As TinT says - reflection

smiley - ale

>>>What happens is the radio gradually fades out, rather than being cut off suddenly, as you would expect if a line-of-sight were required.

Reflection again - radiation gets into the mouth of the tunnel and through the relatively thin covering nearer the entrance then bounces of the walls getting absorbed as it goes... the further you get into the tunnel the more EMR is being absorbed by the walls rather than reflected off them

>>>

Is there a physical object in the ionosphere the signals are bouncing off of? No. "Bounce" in this case is the same as what happens to the light waves when you stick a straw in water. Refraction, not reflection.

No, there's a ELECTROMAGNETIC field up their - hint IONosphere... hence having an effect on the ELECTROMAGNETIC radiation that is a radiowave.

Yes, refraction may occur in certain circumstances, but it's infinitesimal in its effects in comparison with reflection.






SEx: Microwave radiation and health

Post 36

Whisky

Oh, and by the way - people have managed an EME transmission using a 20W transmitter and a morse key - but you're right - it's not all radio hams that try it - it's mostly the geeks (it's far easier to use HF - you don't need to worry about directional antennas unless you're really aiming for distance - but if you're wondering how much power it would use, just think about how little power your average satellite telephone uses , double it for the return journey through the atmosphere and then double it again to counter the signal absorbed by the surface of the moon and you're along the right lines for a theoretical minimum.

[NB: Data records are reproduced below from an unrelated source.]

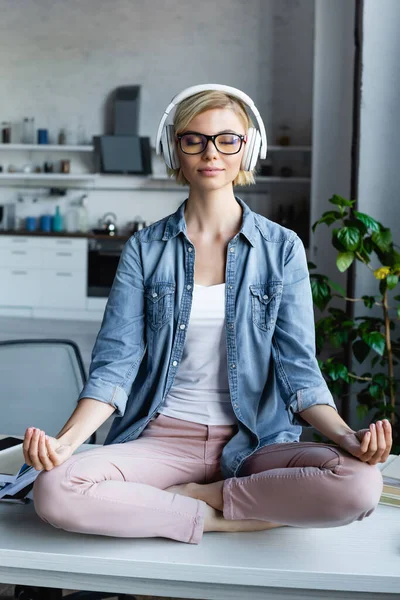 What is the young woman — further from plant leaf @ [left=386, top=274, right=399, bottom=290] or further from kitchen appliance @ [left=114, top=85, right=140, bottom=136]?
kitchen appliance @ [left=114, top=85, right=140, bottom=136]

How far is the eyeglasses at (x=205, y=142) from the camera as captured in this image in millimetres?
1632

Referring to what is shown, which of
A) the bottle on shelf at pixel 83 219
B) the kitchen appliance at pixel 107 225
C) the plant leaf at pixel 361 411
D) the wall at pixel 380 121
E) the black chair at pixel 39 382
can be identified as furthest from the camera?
the bottle on shelf at pixel 83 219

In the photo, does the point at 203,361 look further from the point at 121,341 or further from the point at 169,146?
the point at 169,146

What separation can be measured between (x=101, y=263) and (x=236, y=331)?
6.48 m

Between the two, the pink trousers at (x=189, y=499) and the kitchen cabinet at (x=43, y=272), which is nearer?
the pink trousers at (x=189, y=499)

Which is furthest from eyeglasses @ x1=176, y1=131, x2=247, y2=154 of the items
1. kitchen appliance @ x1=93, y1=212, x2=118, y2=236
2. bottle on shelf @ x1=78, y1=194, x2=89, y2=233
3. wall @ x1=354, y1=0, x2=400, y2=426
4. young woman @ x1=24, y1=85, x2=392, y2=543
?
bottle on shelf @ x1=78, y1=194, x2=89, y2=233

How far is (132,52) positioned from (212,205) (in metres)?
7.29

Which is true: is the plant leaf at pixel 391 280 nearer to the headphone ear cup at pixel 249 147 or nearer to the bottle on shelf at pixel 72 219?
the headphone ear cup at pixel 249 147

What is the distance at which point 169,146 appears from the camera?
1701 mm

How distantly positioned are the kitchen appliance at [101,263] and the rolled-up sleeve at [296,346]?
629 centimetres

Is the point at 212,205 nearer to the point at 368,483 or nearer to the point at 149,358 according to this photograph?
the point at 149,358

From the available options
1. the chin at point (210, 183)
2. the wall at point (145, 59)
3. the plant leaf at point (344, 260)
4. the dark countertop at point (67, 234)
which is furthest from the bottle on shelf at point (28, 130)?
the chin at point (210, 183)

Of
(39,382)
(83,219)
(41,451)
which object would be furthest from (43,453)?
(83,219)

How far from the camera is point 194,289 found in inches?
66.0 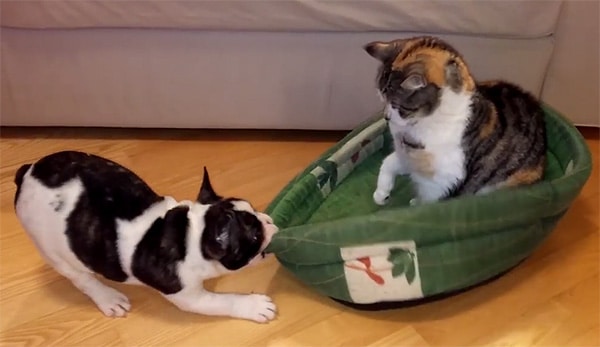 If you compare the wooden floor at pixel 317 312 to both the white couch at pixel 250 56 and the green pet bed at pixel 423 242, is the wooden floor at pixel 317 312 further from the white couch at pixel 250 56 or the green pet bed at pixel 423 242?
the white couch at pixel 250 56

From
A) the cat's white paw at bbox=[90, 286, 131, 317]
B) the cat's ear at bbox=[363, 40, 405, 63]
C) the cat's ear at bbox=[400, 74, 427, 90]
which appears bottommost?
the cat's white paw at bbox=[90, 286, 131, 317]

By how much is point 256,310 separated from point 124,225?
1.05ft

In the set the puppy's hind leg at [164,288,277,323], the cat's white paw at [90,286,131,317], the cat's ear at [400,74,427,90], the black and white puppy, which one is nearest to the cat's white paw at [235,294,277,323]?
the puppy's hind leg at [164,288,277,323]

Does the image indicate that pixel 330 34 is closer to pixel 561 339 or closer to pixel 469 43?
pixel 469 43

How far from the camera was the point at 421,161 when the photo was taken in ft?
4.90

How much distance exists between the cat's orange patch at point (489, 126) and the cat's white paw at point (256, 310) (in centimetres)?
54

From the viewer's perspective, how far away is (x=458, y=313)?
4.98ft

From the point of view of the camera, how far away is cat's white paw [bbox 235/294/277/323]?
149 centimetres

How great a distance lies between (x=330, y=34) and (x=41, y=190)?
716 millimetres

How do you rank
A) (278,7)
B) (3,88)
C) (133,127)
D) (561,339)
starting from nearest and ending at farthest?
1. (561,339)
2. (278,7)
3. (3,88)
4. (133,127)

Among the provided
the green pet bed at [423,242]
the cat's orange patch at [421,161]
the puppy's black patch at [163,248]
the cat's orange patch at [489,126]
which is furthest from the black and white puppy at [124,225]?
the cat's orange patch at [489,126]

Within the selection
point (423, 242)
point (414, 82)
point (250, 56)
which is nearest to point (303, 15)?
point (250, 56)

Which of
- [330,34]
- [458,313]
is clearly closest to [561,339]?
[458,313]

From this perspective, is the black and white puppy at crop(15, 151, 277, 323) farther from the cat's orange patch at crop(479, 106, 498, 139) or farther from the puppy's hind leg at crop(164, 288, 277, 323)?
the cat's orange patch at crop(479, 106, 498, 139) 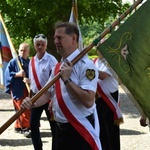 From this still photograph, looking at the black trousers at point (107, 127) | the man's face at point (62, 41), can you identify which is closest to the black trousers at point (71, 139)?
the man's face at point (62, 41)

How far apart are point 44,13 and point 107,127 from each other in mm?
9901

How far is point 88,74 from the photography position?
4.37m

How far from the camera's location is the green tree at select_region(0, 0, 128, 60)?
52.3 ft

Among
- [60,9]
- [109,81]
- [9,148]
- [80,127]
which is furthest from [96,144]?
[60,9]

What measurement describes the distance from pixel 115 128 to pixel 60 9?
9888 millimetres

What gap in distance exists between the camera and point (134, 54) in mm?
4102

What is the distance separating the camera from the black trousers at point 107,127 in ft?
21.3

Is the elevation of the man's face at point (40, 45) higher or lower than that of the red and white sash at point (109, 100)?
higher

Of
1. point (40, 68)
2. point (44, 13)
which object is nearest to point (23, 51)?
point (40, 68)

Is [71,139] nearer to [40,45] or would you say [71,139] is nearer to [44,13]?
[40,45]

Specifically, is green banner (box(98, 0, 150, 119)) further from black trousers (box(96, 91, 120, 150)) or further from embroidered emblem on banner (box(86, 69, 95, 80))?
black trousers (box(96, 91, 120, 150))

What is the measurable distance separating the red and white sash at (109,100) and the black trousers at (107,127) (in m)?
0.05

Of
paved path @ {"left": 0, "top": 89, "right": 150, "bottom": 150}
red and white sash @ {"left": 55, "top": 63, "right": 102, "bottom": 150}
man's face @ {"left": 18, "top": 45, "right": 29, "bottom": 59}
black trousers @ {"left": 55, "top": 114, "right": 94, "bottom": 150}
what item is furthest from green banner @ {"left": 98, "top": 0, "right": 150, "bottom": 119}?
man's face @ {"left": 18, "top": 45, "right": 29, "bottom": 59}

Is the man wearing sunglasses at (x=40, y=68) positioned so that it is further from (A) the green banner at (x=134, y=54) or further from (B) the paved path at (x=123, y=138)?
(A) the green banner at (x=134, y=54)
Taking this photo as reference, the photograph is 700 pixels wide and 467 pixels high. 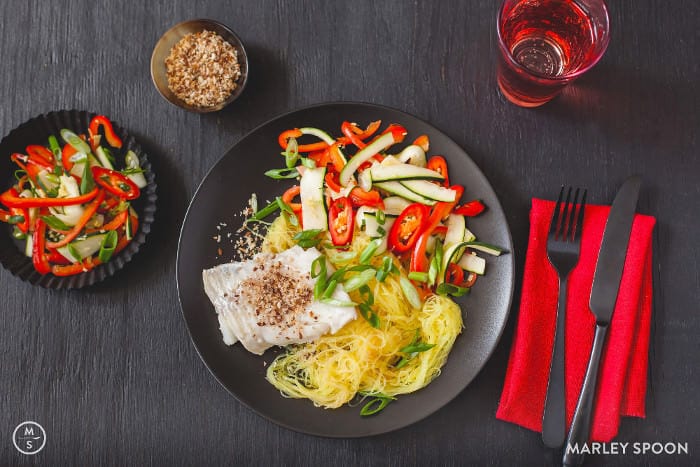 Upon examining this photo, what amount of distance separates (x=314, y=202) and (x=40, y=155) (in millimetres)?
1572

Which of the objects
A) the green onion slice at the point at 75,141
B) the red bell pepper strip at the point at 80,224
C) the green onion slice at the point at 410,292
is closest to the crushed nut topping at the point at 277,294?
the green onion slice at the point at 410,292

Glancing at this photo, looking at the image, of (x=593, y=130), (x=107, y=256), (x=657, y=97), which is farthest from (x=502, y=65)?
(x=107, y=256)

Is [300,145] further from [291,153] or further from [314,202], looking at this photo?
[314,202]

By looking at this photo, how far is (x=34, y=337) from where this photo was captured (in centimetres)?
331

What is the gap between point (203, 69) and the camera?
10.5 ft

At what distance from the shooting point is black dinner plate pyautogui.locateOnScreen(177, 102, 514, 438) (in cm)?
295

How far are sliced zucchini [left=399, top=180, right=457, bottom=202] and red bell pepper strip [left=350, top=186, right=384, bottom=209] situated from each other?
0.17 metres

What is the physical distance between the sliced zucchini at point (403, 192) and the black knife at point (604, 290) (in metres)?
0.92

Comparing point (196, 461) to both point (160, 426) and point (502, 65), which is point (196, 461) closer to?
point (160, 426)

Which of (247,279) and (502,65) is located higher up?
(502,65)

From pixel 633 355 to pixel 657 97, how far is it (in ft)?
4.69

To put the 20W power level in context - our HF transmitters used to kick out hundreds of watts at a time - and you _really_ didn't want to spend too much time working next to the antennae.


SEx: Microwave radiation and health

Post 37

Blatherskite the Mugwump - Bandwidth Bandit

<>

That still doesn't explain range extension utilizing thermal layers, nor the phenomenon of UHF signals knife-edging over and down the sides of mountains.

<>

You need a better quality return signal for voice than you do for Morse. They'd have to boost the power output significantly to make moonbounce work for them.

<>

Our toys were rated in the megawatt range. smiley - smiley


SEx: Microwave radiation and health

Post 38

Whisky

Must admit - the only time I've ever heard of thermal layers being used to extend range is in Sonar never radio - can't see it working frankly.

What thermal layers are you talking about, what frequency range and what effect?






SEx: Microwave radiation and health

Post 39

Whisky

Oh and in response to "Our toys were rated in the megawatt range"

We're not going to degenerate into 'Mine's bigger than yours' are we smiley - tongueincheek


SEx: Microwave radiation and health

Post 40

Blatherskite the Mugwump - Bandwidth Bandit

This should answer your question regarding thermal layers: http://en.wikipedia.org/wiki/Radio_propagation#Tropospheric_ducting_and_enhancement_or_refraction_via_inversion_layer

Scuttlebutt had it that my S-band radar's range could have been extended greatly by improving the software to account for ducting.